For a number of reasons actually. Some numbers tell the story:
Two years into the recovery, hiring is still painfully slow. The economy is producing as much as it was before the downturn, but with seven million fewer jobs. Since the recovery began, businesses’ spending on employees has grown 2 percent as equipment and software spending has swelled 26 percent, according to the Commerce Department. A capital rebound that sharp and a labor rebound that slow have been recorded only once before — after the 1982 recession.
Demand has increased enough that business is producing at least as much as it was before the recession, according to the NYT, but businesses aren’t hiring. Why?
Well, in lean times, headcount is the first casualty. Layoffs are the rule. That’s the fastest way to reduce the bottom line and either cut the losses being suffered to a manageable level or eek out a profit.
But, you say, once the recession is over, shouldn’t they rehire? Well, like all markets, not if the cost of the commodity is too high (labor) and an acceptable alternative is available (equipment). In this case that appears to be software in many cases.

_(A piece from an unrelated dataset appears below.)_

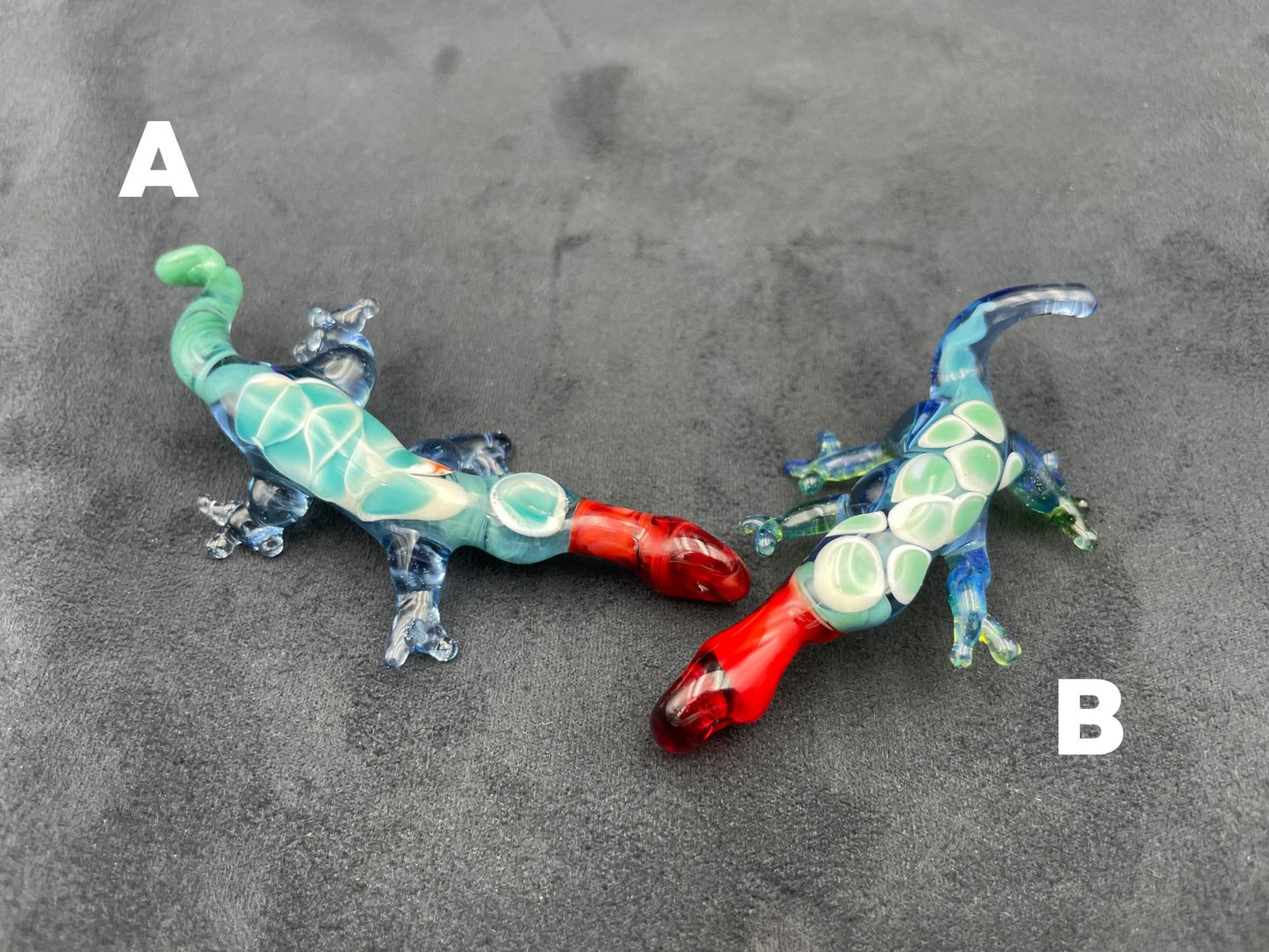 Glass Lizard Pendant / Hand Sculpted Lizard / Queer Lizzy the Lizard Pendant / Lizard Necklace / Lizard Ornament / Reptile Necklace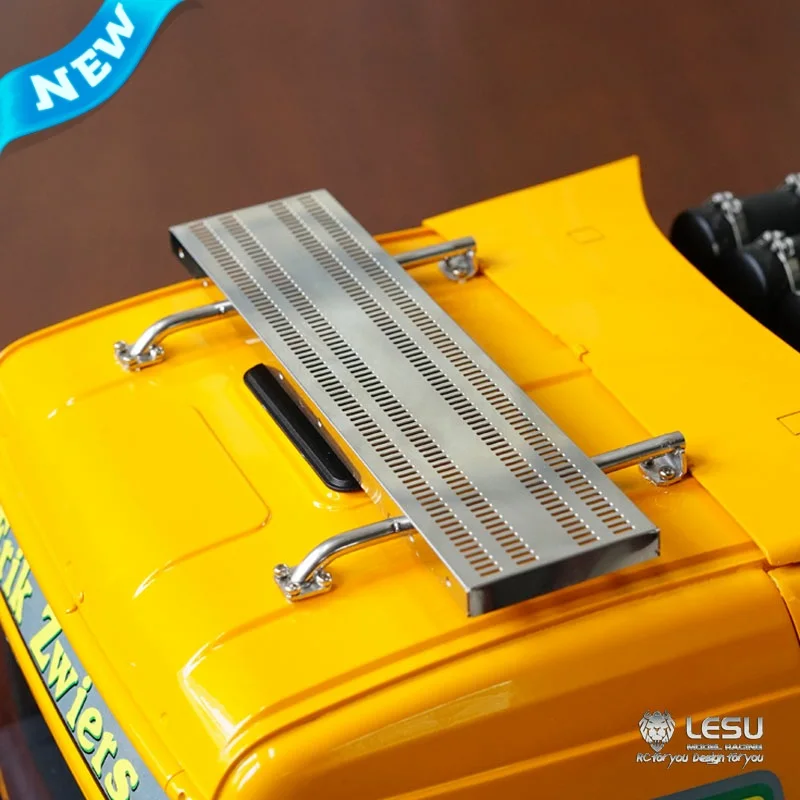 

LESU 1/14 Тягач Tamiya с дистанционным управлением, игрушечная кабина, световая подставка, имитация декоративной педали G-6192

So – business cuts back during bad times, finds it can either get along without the extra headcount or finds a technological alternative (equipment) and when a level of prosperity returns, doesn’t hire (although I’m not sure I’d agree a proper level of prosperity has returned at this point, but I think it is clear that much more employment was expected by now, which is why we see the word “unexpected” appended to every down employment report).

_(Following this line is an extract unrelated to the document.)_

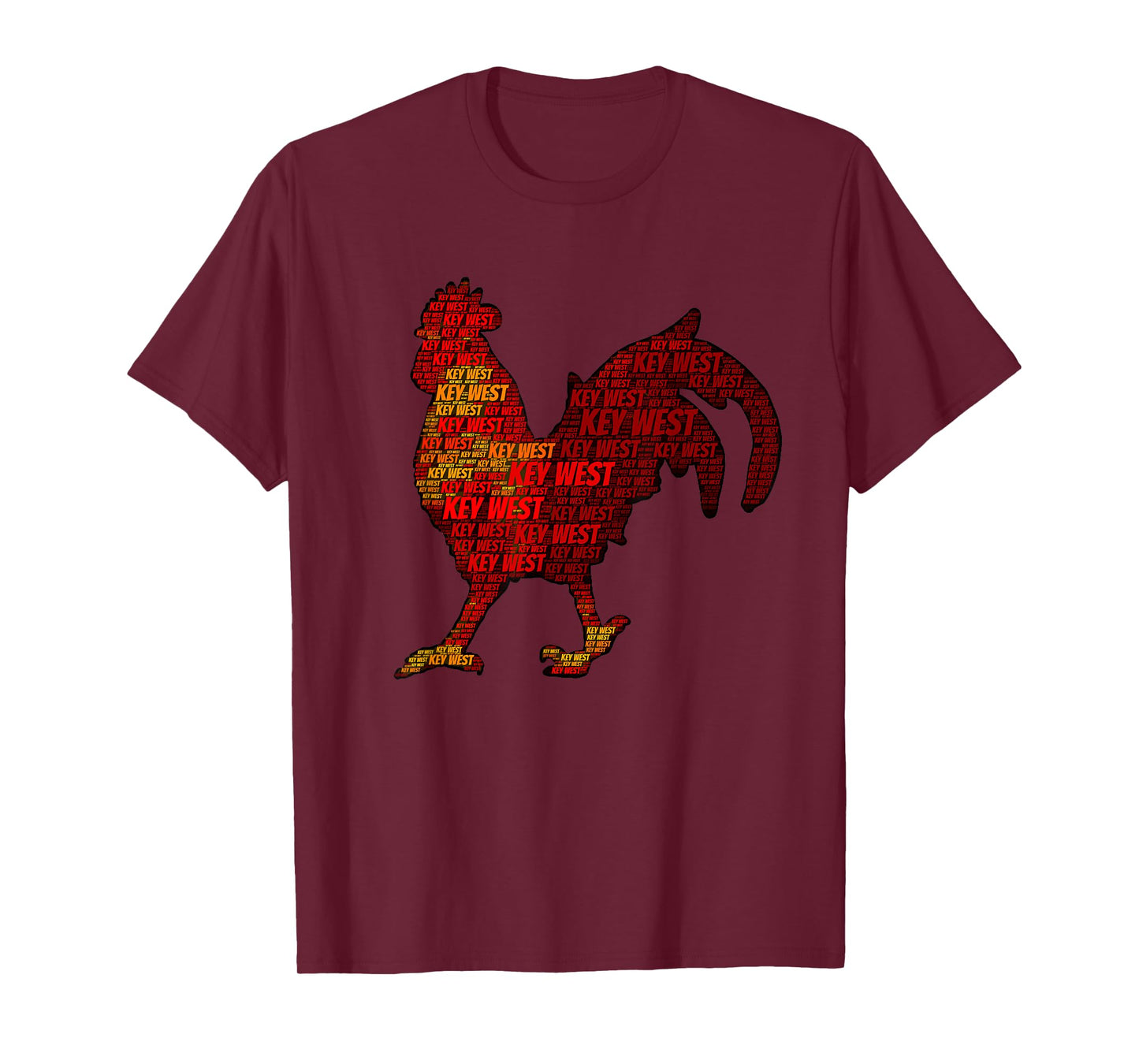 Key West Florida Keys Chicken T-Shirt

Why is this happening? Well in addition to the above, there’s an added problem that is often ignored or not mentioned. Government tax policies. In the case of equipment buying, the government has incentivized such purchases to the detriment of another – namely employment (labor).
With equipment prices dropping, and tax incentives to subsidize capital investments, these trends seem likely to continue.
“Firms are just responding to incentives,” said Dean Maki, chief United States economist at Barclays Capital. “And capital has gotten much cheaper relative to labor.”
Indeed, equipment and software prices have dipped 2.4 percent since the recovery began, thanks largely to foreign manufacturing. Labor costs, on the other hand, have risen 6.7 percent, according to the Labor Department. The rising compensation costs are driven in large part by costlier health care benefits, so those lucky workers who do have jobs do not exactly feel richer.
There’s your choice as a business – lower prices and tax incentives to purchase software and equipment or higher labor costs for workers. If the machine can do the job, the business doesn’t have to pay healthcare, payroll, payroll taxes, etc. In fact, the machine gives them a bottom line write off on their tax bill. It’s a no-brainer.